What this task involves
Word for word, transcribe the data below from the line with "Suéter Saks Fifth" to the line with "Hallmark Baby Pre-Designed", keeping both of those lines.

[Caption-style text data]

============

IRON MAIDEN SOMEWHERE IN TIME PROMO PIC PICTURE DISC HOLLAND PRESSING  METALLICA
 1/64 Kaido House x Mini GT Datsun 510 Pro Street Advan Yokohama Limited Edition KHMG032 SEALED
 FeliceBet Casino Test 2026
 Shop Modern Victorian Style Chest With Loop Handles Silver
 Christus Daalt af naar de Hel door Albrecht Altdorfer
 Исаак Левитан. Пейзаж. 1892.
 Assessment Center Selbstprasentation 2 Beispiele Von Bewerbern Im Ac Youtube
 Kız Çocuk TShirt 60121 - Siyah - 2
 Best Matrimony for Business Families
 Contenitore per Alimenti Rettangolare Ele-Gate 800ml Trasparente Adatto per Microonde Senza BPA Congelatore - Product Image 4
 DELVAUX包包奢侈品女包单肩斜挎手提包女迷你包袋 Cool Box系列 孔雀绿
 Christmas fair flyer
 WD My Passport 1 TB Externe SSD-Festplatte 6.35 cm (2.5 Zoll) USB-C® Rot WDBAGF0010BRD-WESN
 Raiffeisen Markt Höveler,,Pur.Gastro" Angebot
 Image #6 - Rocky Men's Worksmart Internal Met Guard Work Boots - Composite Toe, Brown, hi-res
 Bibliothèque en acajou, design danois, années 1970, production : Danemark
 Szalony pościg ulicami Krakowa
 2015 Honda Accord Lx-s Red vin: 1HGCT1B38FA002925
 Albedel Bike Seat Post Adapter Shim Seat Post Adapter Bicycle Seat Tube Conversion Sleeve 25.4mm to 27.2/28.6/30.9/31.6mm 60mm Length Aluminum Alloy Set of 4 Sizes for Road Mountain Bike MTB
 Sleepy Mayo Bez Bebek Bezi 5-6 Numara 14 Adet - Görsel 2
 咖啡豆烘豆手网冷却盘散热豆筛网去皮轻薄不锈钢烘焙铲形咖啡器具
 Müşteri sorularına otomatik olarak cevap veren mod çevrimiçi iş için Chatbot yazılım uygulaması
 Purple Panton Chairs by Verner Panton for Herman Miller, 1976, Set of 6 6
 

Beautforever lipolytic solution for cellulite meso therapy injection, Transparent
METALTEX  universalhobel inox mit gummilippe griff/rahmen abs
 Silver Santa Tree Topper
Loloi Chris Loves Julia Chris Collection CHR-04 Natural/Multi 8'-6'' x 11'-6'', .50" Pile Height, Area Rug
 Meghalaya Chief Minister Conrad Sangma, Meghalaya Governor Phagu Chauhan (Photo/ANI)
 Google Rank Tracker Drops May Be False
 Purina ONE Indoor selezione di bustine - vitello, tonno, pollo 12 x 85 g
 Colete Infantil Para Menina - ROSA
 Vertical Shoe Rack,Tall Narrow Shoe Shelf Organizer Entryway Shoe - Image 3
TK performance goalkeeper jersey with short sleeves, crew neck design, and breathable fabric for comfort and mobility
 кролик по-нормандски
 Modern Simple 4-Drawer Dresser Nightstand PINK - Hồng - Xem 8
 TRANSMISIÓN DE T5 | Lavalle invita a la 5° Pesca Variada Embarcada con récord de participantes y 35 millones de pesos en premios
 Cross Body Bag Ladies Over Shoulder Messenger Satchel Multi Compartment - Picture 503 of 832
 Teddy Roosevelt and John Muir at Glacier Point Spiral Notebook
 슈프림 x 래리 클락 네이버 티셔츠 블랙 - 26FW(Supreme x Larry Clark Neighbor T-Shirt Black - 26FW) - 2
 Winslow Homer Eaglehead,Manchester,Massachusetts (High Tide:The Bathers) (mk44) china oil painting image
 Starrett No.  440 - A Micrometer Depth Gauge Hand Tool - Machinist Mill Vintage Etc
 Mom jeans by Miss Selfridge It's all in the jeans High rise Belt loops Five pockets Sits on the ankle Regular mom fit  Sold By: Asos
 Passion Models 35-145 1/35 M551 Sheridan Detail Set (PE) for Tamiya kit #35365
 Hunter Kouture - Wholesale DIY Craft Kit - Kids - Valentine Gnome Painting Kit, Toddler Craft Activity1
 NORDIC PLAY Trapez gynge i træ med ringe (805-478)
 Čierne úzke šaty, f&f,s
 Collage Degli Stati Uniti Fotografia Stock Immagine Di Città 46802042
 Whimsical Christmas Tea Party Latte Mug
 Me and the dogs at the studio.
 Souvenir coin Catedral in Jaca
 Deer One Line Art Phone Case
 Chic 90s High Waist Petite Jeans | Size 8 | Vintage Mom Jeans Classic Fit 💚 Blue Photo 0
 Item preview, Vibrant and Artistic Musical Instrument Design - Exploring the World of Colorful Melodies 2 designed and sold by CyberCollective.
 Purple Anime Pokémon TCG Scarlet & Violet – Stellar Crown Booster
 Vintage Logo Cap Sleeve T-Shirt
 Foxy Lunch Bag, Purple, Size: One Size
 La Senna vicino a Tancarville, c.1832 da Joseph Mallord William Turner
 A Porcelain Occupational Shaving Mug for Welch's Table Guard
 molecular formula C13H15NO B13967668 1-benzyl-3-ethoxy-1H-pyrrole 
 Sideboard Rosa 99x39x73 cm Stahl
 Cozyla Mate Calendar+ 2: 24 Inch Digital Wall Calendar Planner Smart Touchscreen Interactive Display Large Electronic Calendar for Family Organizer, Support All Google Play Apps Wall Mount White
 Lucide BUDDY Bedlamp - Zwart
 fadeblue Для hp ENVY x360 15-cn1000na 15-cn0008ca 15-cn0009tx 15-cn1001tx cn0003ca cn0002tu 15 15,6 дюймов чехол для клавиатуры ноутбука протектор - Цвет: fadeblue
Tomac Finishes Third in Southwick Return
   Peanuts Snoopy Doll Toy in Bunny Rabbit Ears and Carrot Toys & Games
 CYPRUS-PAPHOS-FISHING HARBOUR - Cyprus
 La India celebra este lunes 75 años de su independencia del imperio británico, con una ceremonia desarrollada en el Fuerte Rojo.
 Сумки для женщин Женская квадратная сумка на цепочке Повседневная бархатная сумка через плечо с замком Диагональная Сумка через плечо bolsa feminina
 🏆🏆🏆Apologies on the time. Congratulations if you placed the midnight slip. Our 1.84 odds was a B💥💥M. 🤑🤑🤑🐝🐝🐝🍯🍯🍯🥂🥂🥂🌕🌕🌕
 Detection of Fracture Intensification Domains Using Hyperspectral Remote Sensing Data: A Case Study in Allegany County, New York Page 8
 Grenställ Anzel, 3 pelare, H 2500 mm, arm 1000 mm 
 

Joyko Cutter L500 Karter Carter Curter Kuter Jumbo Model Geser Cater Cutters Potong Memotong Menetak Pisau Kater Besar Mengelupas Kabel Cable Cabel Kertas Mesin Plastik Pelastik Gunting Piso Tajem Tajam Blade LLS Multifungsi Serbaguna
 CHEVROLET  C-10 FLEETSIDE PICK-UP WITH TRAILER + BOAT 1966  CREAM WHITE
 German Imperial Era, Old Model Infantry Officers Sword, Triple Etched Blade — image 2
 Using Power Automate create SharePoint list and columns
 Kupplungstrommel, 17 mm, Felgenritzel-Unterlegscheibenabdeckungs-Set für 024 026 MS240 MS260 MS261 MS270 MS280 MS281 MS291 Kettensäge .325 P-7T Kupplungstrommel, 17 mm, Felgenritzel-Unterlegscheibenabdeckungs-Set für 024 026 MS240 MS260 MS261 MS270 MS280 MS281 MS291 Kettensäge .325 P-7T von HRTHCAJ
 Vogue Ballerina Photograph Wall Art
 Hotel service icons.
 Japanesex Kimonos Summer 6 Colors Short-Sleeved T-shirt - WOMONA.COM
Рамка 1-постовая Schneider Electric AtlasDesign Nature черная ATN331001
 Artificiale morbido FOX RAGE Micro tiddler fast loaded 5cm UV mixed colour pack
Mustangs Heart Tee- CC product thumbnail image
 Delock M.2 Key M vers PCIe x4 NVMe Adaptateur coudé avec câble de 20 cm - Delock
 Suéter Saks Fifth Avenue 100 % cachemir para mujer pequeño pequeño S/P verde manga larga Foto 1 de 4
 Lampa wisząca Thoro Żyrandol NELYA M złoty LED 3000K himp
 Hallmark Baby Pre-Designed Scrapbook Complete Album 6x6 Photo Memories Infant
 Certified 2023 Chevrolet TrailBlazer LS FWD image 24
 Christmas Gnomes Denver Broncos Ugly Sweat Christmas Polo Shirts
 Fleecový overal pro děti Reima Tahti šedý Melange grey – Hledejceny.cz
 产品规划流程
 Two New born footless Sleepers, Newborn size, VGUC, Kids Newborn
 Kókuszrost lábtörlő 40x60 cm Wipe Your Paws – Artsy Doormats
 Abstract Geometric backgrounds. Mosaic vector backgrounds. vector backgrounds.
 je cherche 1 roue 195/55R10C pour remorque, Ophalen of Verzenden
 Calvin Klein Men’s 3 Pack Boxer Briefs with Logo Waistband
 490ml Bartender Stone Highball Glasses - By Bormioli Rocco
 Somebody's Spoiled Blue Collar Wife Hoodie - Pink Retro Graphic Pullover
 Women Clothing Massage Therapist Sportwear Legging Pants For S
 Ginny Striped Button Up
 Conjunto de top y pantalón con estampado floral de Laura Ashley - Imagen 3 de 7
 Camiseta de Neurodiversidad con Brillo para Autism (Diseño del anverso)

============

Result of the task
 Suéter Saks Fifth Avenue 100 % cachemir para mujer pequeño pequeño S/P verde manga larga Foto 1 de 4
 Lampa wisząca Thoro Żyrandol NELYA M złoty LED 3000K himp
 Hallmark Baby Pre-Designed Scrapbook Complete Album 6x6 Photo Memories Infant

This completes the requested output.